Assumptions about equal human rights have had interesting consequences for Christian mission. For example, missionaries to the Jews are accused of not respecting either Jewish people or their religion, and one authority on anti-Semitism has stated that it impossible to say, "Jesus is Lord" without at the same time saying "and Jews be damned". If all men have equal rights to their own religious opinions is it not a violation of their inalienable rights to seek to persuade them that they should believe in Jesus? By over-emphasising human rights and downplaying men's duties we have produced a generation that knows its rights but feels no sense of duty either to God or to their fellow man.

The French Humanist Voltaire is reported to have said that though he disapproved of what a certain person said, he would defend to the death his right to say it, and no doubt some Christians would agree with him. But I personally find it impossible to respect any philosophy, idea or religion that is fundamentally flawed, nor do I believe anyone has the right to be wrong (including myself). All men have a duty to believe and to do what is right and, says James, "If anyone among you wanders from the truth, and someone turns him back ... he ... will save a soul from death and cover a multitude of sins." Likewise, Paul, at the end of what is arguably his most forthright and powerful polemic, urges those who are spiritual to restore those "overtaken in a trespass ... in a spirit of gentleness, considering yourself lest you also be tempted".

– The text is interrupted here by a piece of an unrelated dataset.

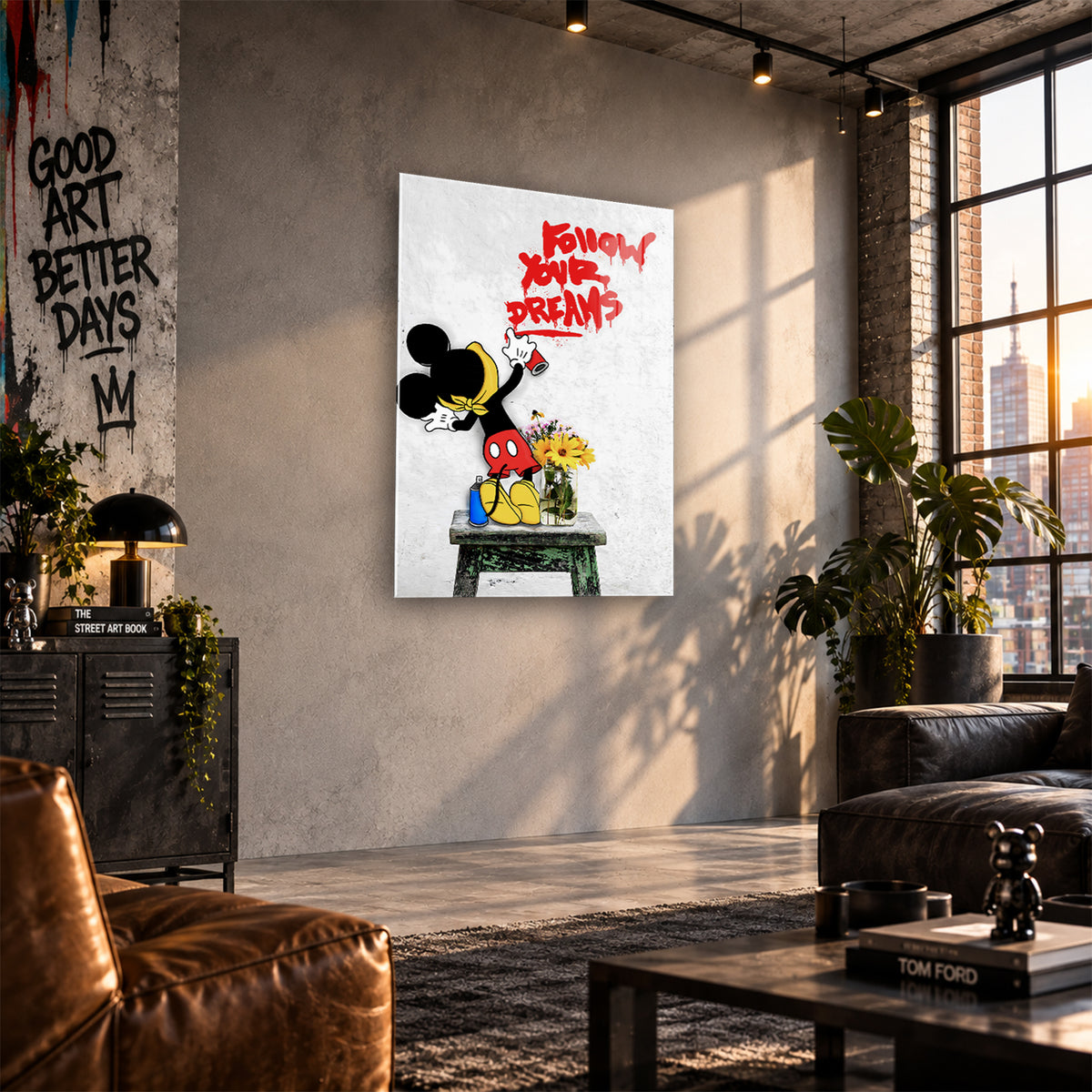 Acrylglas Wandbild - Follow Your Dreams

This is not an appeal for forced conversions! Apart from the ethical and moral considerations, it is impossible to force anyone to believe something against their will. Nor should we despise or disdain those who believe, firmly and sincerely, what is erroneous; respect is not based on whether people hold the right opinions. But we are not called to respect systems of thought; we are to respect the people who hold them because they are created in the the image of God. Being aware of this and knowing that they are under the same obligation as we are to obey the Truth, the greatest respect we can ever pay other human beings is to fulfil our duty of seeking to turn them from error to truth.